Central to the European nations fight for control in the New World, Fort Matanzas is still not providing ferry service to the historic fort on Rattlesnake Island because of Hurricane Irma damage to the dock and ferry boats. The visitor center, nature trail and park beaches – all on the larger Anastasia Island – are still open to the public.

Gulf Islands National Seashore, Florida and Mississippi

The fishing pier at Davis Bayou was damaged.

On the Florida side of the seashore, Hurricane Nate’s October landfall severely damaged two of the park’s main roads. It took nearly two months for repairs to be completed and for the roads to reopen.

On the Mississippi side of the park, the government boat dock and public fishing pier in the Davis Bayou Area were heavily damaged and remain out of service, and the park service is trailering and launching its boats. All other hurricane damage on the mainland has been repaired.

On West Ship Island, the severely damaged ferry pier, cross-island boardwalk and concession buildings have been repaired, while repairs continue on the island’s park housing.

Fort Frederica National Monument, Georgia

Named for Frederick Louis, the Prince of Wales during the first half of the18th century, Fort Frederica was established by the British on St. Simons Island in 1736 by James Oglethorpe to protect the British outpost from the nearby Spanish. The British defeated the Spanish here in 1742 and Georgia remained a British colony until the American Revolution.

The visitor center and historic area is open to the public, but the nature trail is closed due to tree damage caused by Hurricane Irma. It is scheduled to reopen by September.

Ocmulgee National Monument, Georgia

Ocmulgee National Monument mostly saw downed and damaged trees.

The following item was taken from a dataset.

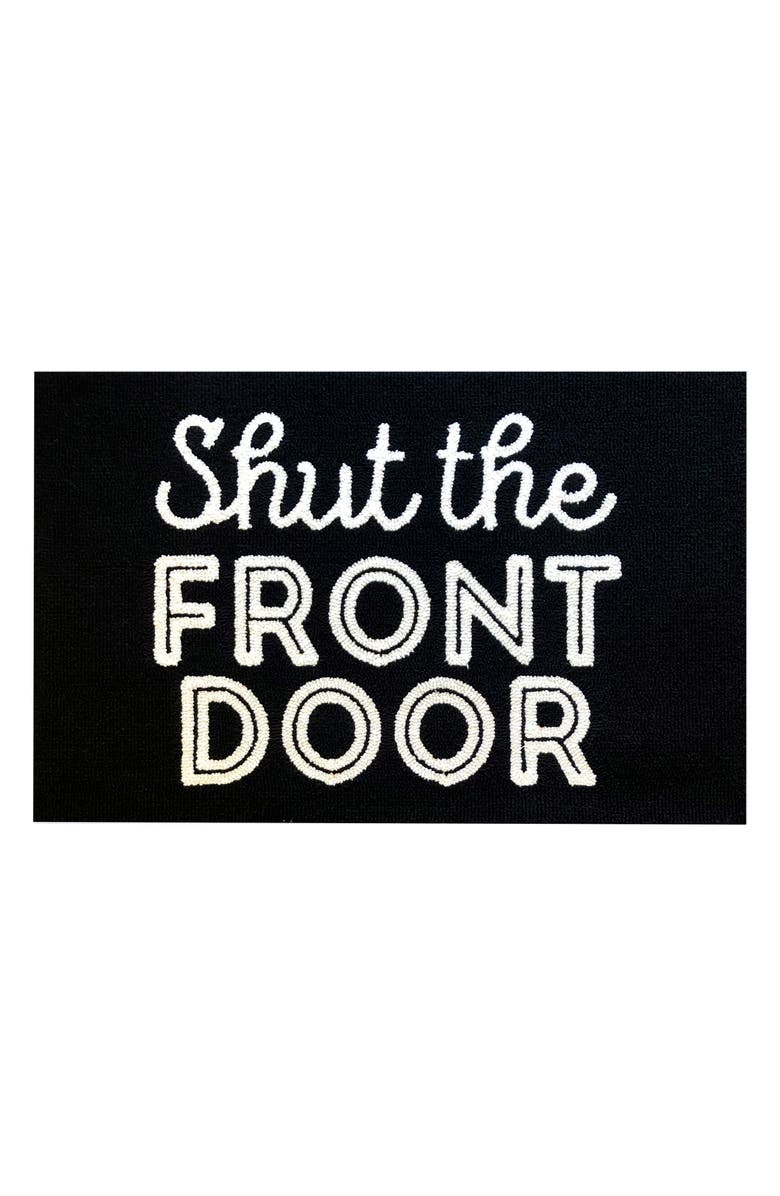 R16 HOME Shut the Front Door Indoor/Outdoor Doormat, Main, color, Black White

Many different nations lived on this land, a prehistoric Native American site that is now Ocmulgee National Monument, for thousands of years. When the Mississippian Period began around 900 A.D., the people living here constructed mounds for their elite, which can be seen today.

After being hit by Irma, the park – which is about 200 miles northwest of the Georgia coast – lost power to the maintenance building for four days. The site lost some 150 trees but reopened a few days after the storm passed. It only needed a few weeks to remove trees blocking trails and roadways.

Cumberland Island National Seashore, Georgia

Irma destroyed Cumberland Island National Seashore’s mainland ferry dock, closing the park for nine weeks through mid-November. The city, state and federal officials worked together to clean up the St. Marys mainland waterfront.

While getting to the island is a little more complicated, the island and its trails, beaches and campsites are fully open. (Reservations are still recommended.)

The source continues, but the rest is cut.